Quanto alla colpa ostativa al riconoscimento dell’indennizzo, va chiarito che essa può essere di due tipi: 1) colpa processuale (ad es., auto-incolpazione, silenzio consapevole sull’esistenza di un alibi; 2) ovvero colpa extraprocessuale, come ad esempio frequentazioni ambigue, connivenza non punibile ovvero comportamenti comunque idonei ad essere percepiti all’esterno come contiguità criminale, purché il giudice della riparazione fornisca adeguata motivazione della loro oggettiva idoneità ad essere interpretati come indizi di colpevolezza, così da essere, quanto meno, in una relazione di concausalità con il provvedimento restrittivo adottato.

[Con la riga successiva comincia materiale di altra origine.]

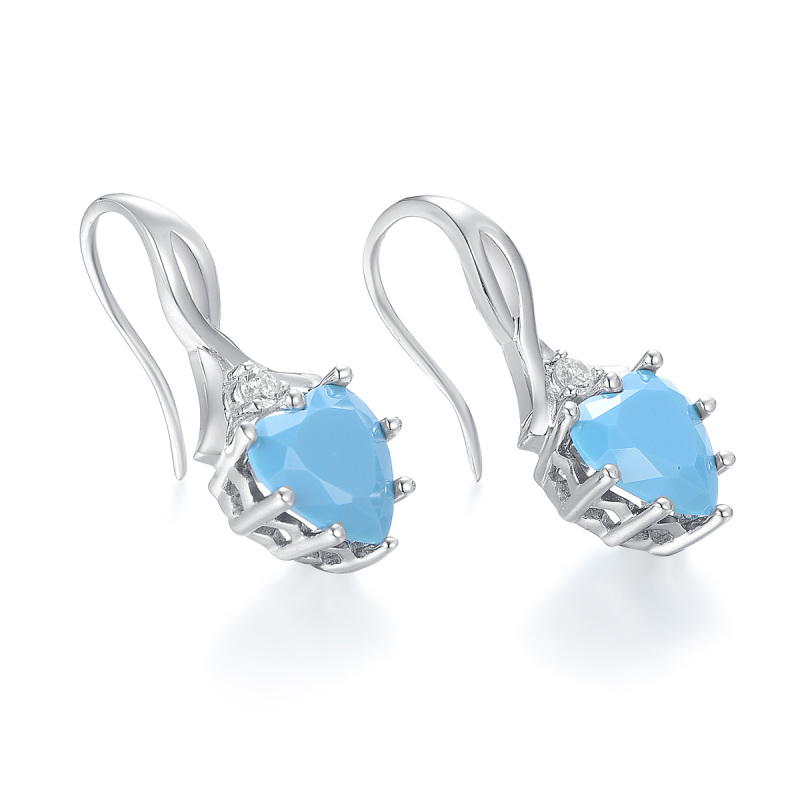 December birthstone heart earrings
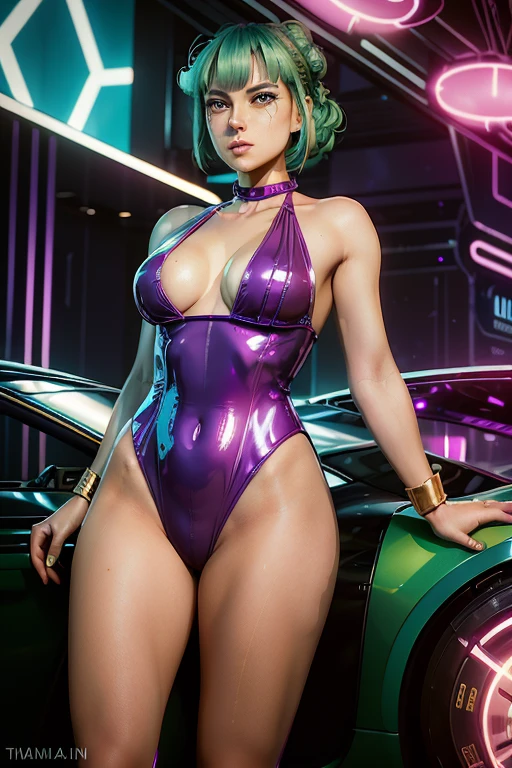 Best quality, 8K, vivid color, woman retro super hero futurism, full body, standing, LOOKING TO observer, golden hair, long eyelashes, light purple shiny GLOSSY leotard, cleavage, metalic details, green pantyhose, neutral sci-fi scenario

Tra questi, vi rientra anche il caso della connivenza passiva, la quale può costituire colpa grave, ostativa al riconoscimento dell’indennità, ove ricorra almeno uno dei seguenti indici: “a) nell’ipotesi in cui l’atteggiamento di connivenza sia indice del venire meno di elementari doveri di solidarietà sociale per impedire il verificarsi di gravi danni alle persone o alle cose; b) nel caso in cui si concreti non già in un mero comportamento passivo dell’agente riguardo alla consumazione di un reato, ma nel tollerare la consumazione o la prosecuzione dell’attività criminosa in ragione della sua posizione di garanzia; c) nell’ipotesi in cui la connivenza passiva risulti avere oggettivamente rafforzato la volontà criminosa dell’agente, sebbene il connivente non intenda perseguire questo effetto; in tal caso è necessaria la prova positiva che il connivente fosse a conoscenza dell’attività criminosa dell’agente.

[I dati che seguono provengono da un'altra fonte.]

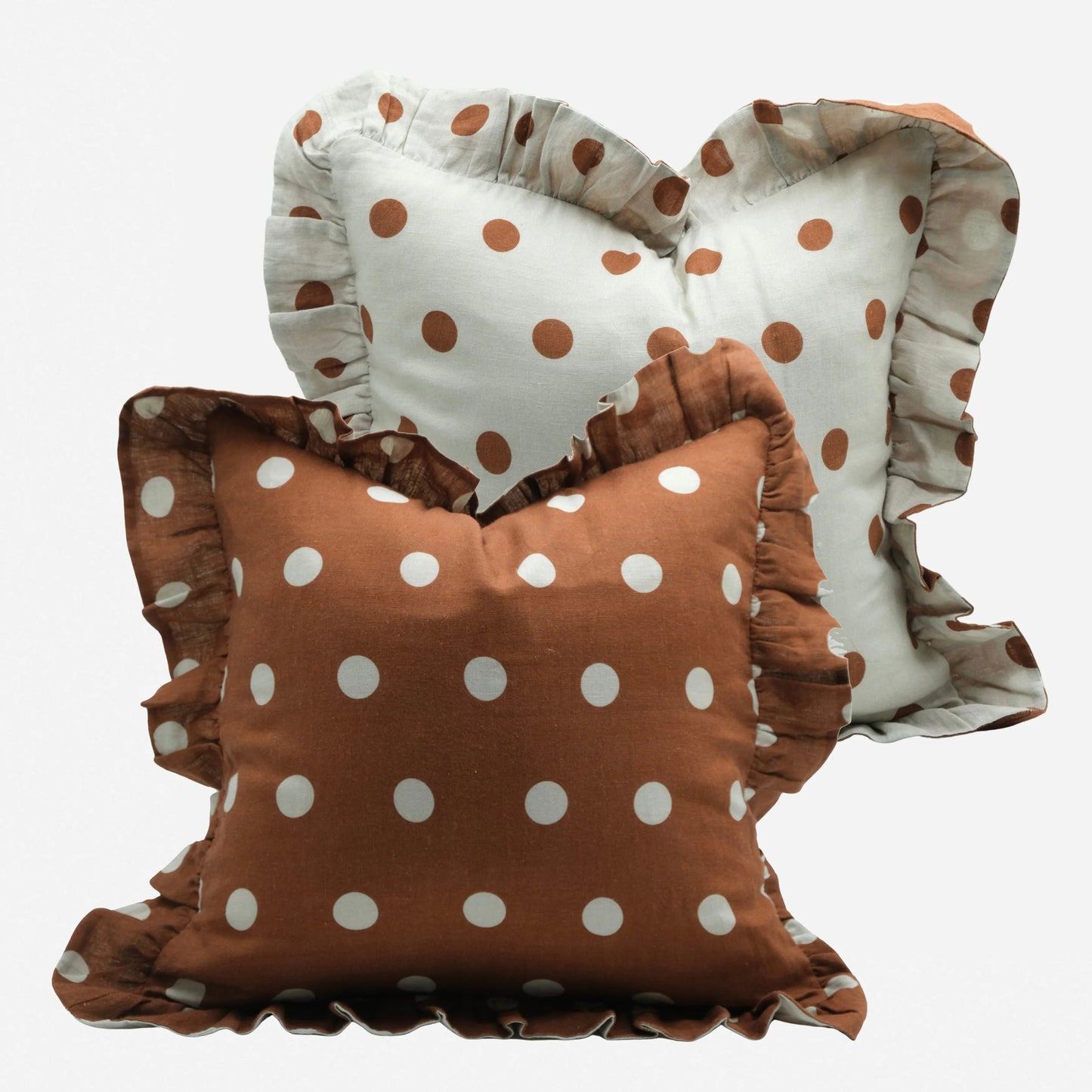 Amuse La Bouche Spotted Ruffle Cushion in Cinnamon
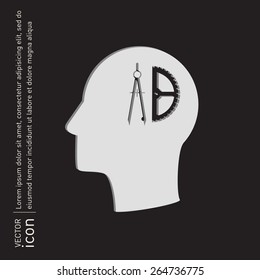 Vector Icon head think silhouette vector man and his mind about the compass and protractor.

E, (…nel) giudizio di riparazione (…) la condotta connivente idonea ad inibire la riparazione, per essere qualificata gravemente colposa, deve essere ancorata alla preventiva conoscenza delle attività criminose che si stanno per compiere in presenza del connivente (…); in tal caso la valutazione del giudice di merito sull’esistenza delle caratteristiche che deve assumere la connivenza, per la rilevanza ai fini della riparazione, si sottrae al vaglio di legittimità ove sia stato dato congruo conto, in modo non illogico, delle ragioni poste a fondamento della descritta efficacia della condotta passiva” (così Sez. 4, n. 15745 del 19/02/2015).

La decisione

Profilo di colpa grave ostativa al riconoscimento del diritto all’indennizzo, affine alla connivenza passiva, di cui si è detto, può essere costituito anche dalla condotta di chi, nei reati contestati in concorso, essendo consapevole dell’attività criminale altrui, abbia tenuto comportamenti idonei ad essere percepiti all’esterno come una sua contiguità.

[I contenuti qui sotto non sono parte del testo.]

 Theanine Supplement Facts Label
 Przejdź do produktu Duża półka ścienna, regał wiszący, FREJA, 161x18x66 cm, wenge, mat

Ebbene, fatte queste premesse generali, i giudici della Cassazione hanno affermato che, nel caso di specie, la Corte d’appello di Napoli avesse fatto buon governo dei principi sopra richiamati, non essendovi i presupposti per il riconoscimento dell’istanza di riparazione richiesta dall’indagato.
Cosi si è concluso il procedimento in via definita.